A business model is the framework of how a business generates revenue and profits. While most proven business models can be profitable for a long time, it is just as important to realize that they evolve. And when they do things could fall apart quickly.
If you’ve been keeping up with my Twitter tweets lately, you know I’ve been linking some statistics about how newspaper is going away and landline telephones are dying. Both are examples of an older business model getting obsolete in favor of newer models.
Business models evolve for 3 reasons:
- Technology Disruptions – Technology changes consumer behaviors and the perception of value. It is also the main driving force behind creating new technology.
- Commoditization – When a product or service lacks tangible value, it becomes a commodity that simply competes on price alone. When a business model is commoditized, it will be forced to sell on quantity to scale the business.
- Competition – While competitiveness is good for most industries, excessive competition or lack of competition can result in a changing business model.
The perfect example for technology disruptions is the impact of internet on print media. Instead of reading the newspaper, there is now a better way to get the same information faster, easier, and freely You get the information you want on-demand and can share it with anyone while reducing paper usage.

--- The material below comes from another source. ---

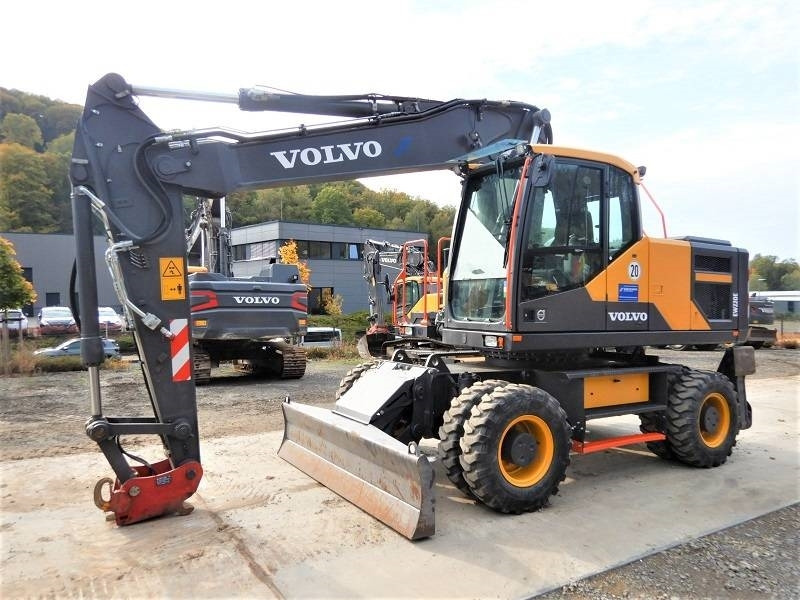 Volvo EW 220 E - Ratastel ekskavaator: pilt 1 Volvo EW 220 E - Ratastel ekskavaator: pilt 1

The commoditization of cell phones is the end of landline telephones. Today everyone I know carries a cell phone–even the elementary school kids. I turned down an offer for a year free landline telephone service by my Internet provider Cox Cable simply because I see no value in having it unless they pay me.

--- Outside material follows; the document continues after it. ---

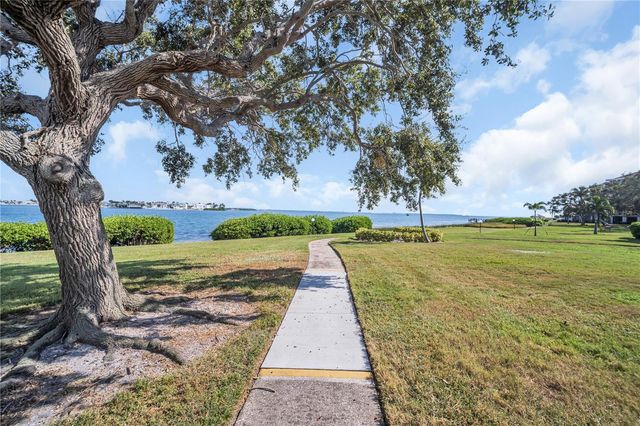 6158 PALMA DEL MAR BLVD S 505, St Petersburg, FL 33715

Competition is the most obvious element of why business models evolve but it’s also a contributing factor to the first two elements. Similar to the “the tortoise and the hare” story, the lack of competition can kill innovation if the market leader starts to relax and falls asleep on the competition.
A good example is the rapid adoption of Google Apps over Microsoft Office. For a long time Microsoft was at the top, in control and profitable…then came Google with its “freemium” business model, earning consumer trust and gaining user base faster than ever. Once thought of as just a search engine company, Google is disrupting the space that Microsoft created, forcing it to lower its price, commoditizing its own product.
So How Do Businesses Stay on Top?
If your business doesn’t create the technology and you don’t have unlimited resources and capital, the best way is to focus on creating value for your business.
Here are some business drivers to consider:
- Focus on customer retention and satisfaction
- Build a recurring revenue stream
- Expand your offering and create value-added product or services
- Strengthen your brand and build equity in your business
- Build barriers to insulate competition and commoditization
- Execute on broader vision and take calculated risks
- Don’t rely on technology – become a platform company
- Network with strategic partners and empower your management
It takes a combination of all the above to stay near the top in a highly competitive landscape. I will discuss them in details on later blog entries.
What are you doing to stay on top in this recession?